松根油採取の前は桑の皮剥きをした。農家の庭に同じ長さに切られた、同じぐらいの太さの桑の木が積まれていた。その桑の皮を剥く作業だった。指に傷を作ったり、指や手のひらが桑の渋のせいだったのか、茶色に染まって洗ってもいつまでも色が取れないでいた。手袋もしないで皮剥きをしたのだろうか?剥いた皮は農家の小父さんが束ねて紐をかけ大きな束に作ってくれた。その束の個数をなるべく多く作ることが各班の競争だった。私の班の成績は優秀だった。作業はいつも大変だったけれども農家の手伝いは大好きだった。大戦末期、もう田舎でも各家庭の食糧事情は悪くなっていた。農家でご馳走になる昼食は、きまって真っ白い御飯に香り高い味噌汁や漬物が添えられていた。作業の「きつさ」など吹っ飛んでしまった。
 
勤労作業の帰りは自由解散で、私は同学年で隣りの正子さんと一緒に、よく笑いながら帰宅していた。 何がそんなに楽しかったのだろうか。

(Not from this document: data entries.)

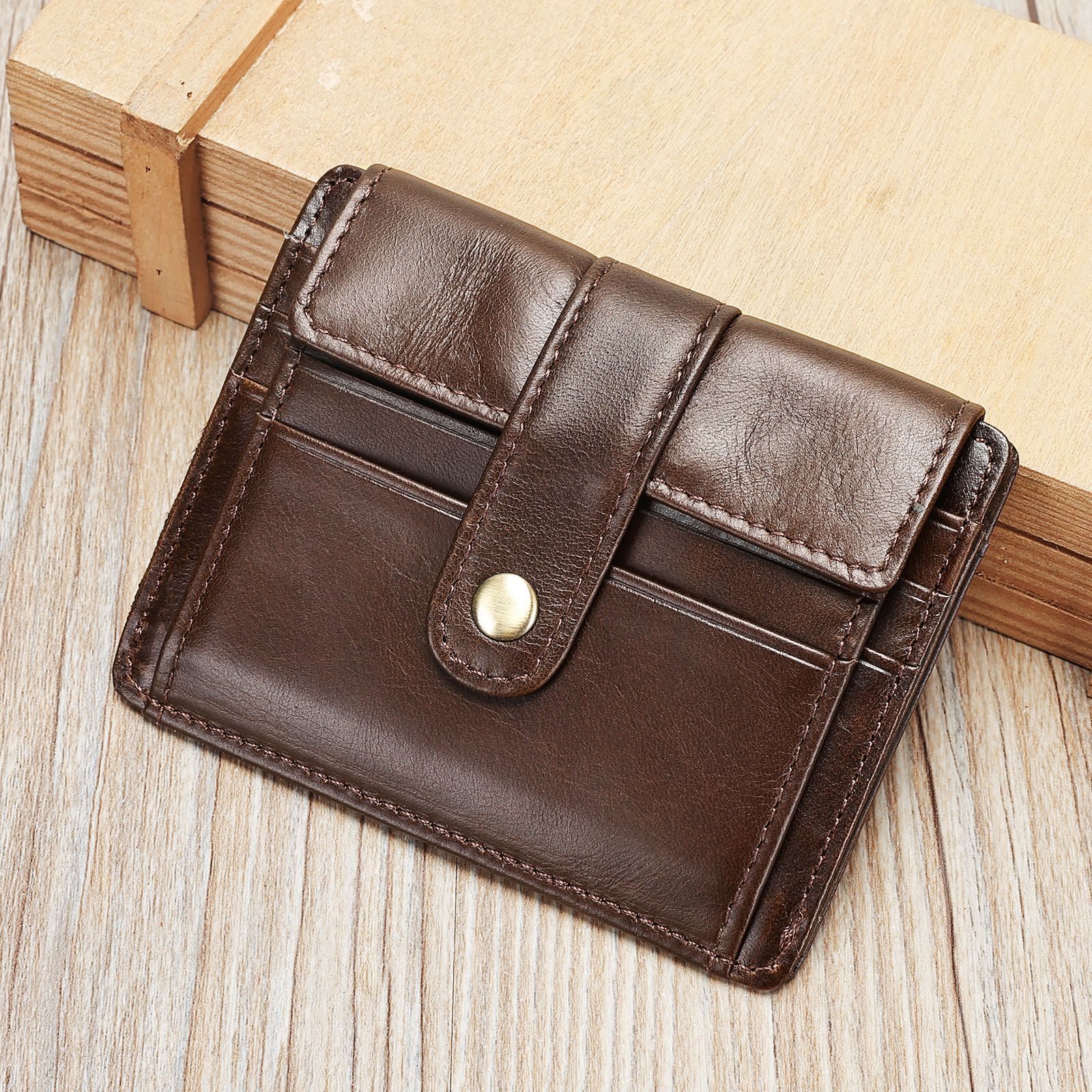 Undefyning Lynes Men's Minimalist Leather Coin & Card Holder — Full-Grain Cowhide Transit Wallet - Undefyning Lynes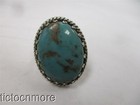 VINTAGE BELL TRADING NAVAJO INDIAN TURQUOISE STONE PORTRAIT RING STERLING — photo 2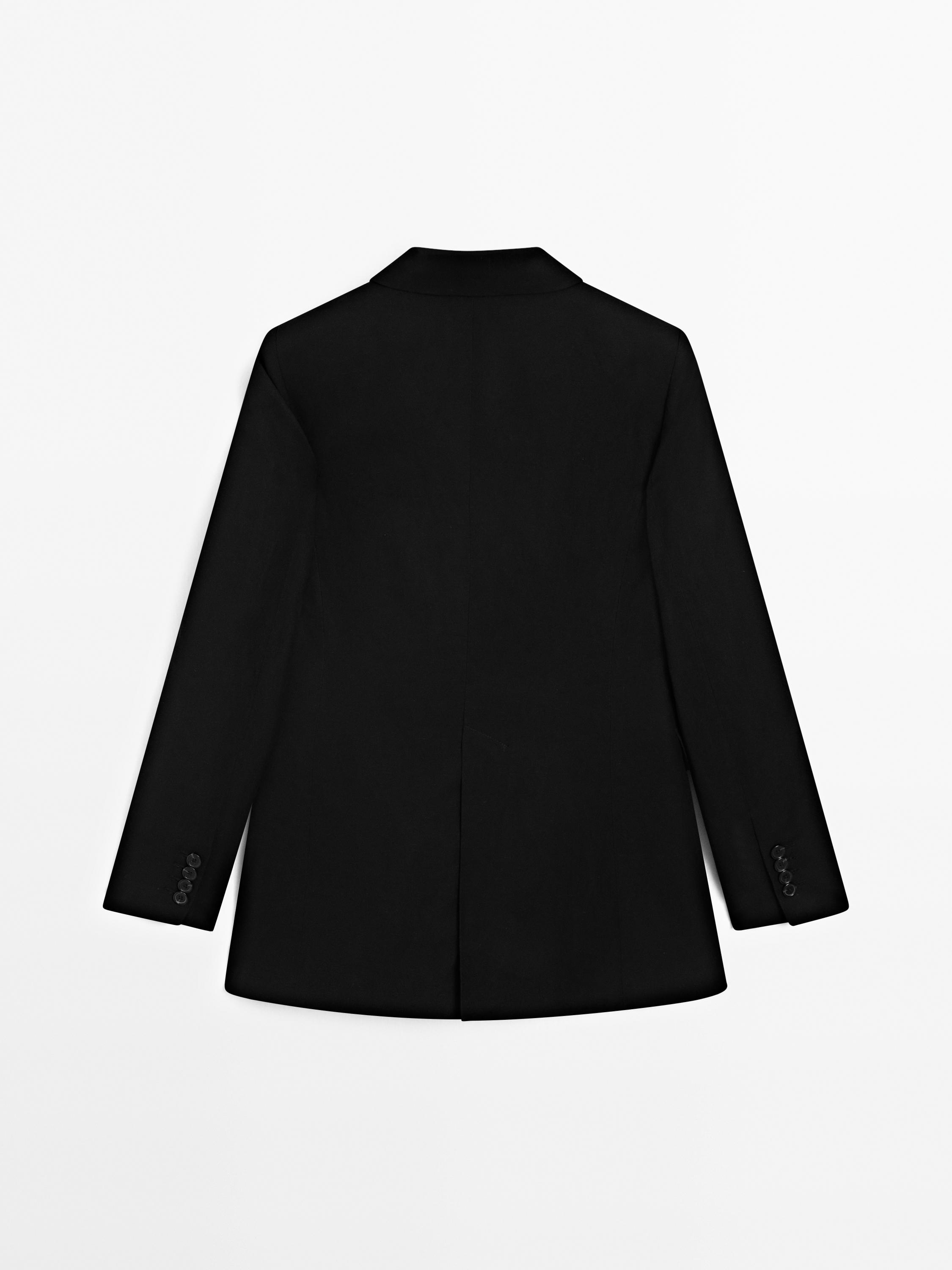 Double-breasted linen blend blazer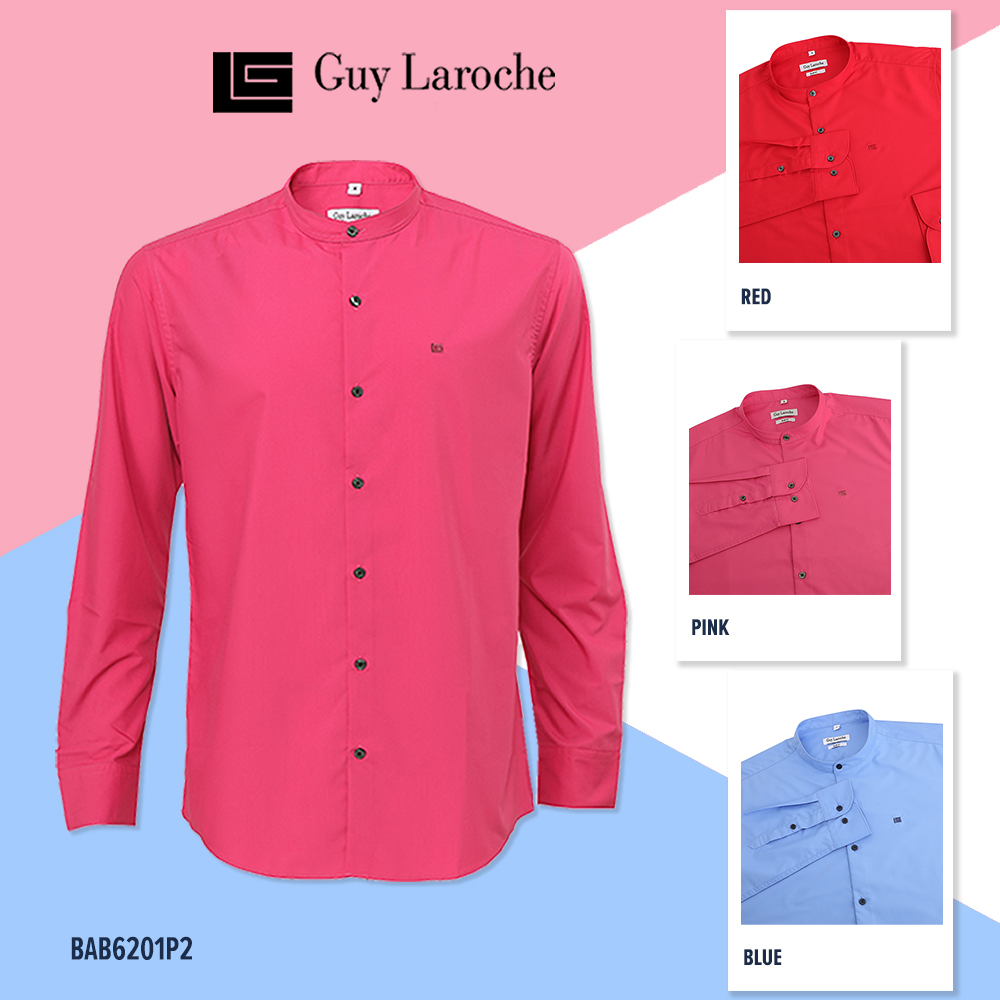 Guy Laroche เสื้อเชิ้ต คอจีน สีพื้น ปักโลโก้  (BAB6201P2)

私達は各自古い着物から家で作って貰ったもんぺをはき上着は白のシャツを着ていた。布地にそれぞれの名前、学年、血液型を書いた名札を上着の胸に縫い付けていた。一方の肩から斜めに防空頭巾を下げ、もう一方の肩から水筒を提げていた。
 
8月15日、作業を終わって私達は元玉名の往還を歩いて帰宅中だった。何軒かの家の前に兵隊さん達がたたずんで、頭を垂れていたのを見た。
 
あの九州の田舎に、その年になると兵隊さんの姿を多く見るようになった。彼等は何処に寝泊りしていたのだろう?本土決戦に備えて軍人達がどんどんやって来ているのだと聴いていた。しかし思いかえしてみても、彼等は飯盒をさげ三々五々歩いていてどこへ行っていたのだろうか。私の目にも彼等はちっとも勇ましくも元気よくも見えなかった。歌も歌わず行進もしていなかった。
 
家に帰ると土間のすぐ前の8帖に、祖母と下の妹を膝に乗せて母が座っていた。親戚の叔母も来ていたと思う。私の顔を見ると、「美也ちゃん、戦争に負けた!」祖母は号泣した。それまで泣いていたのだと思う。めったに涙を見せない母も泣いた顔だった。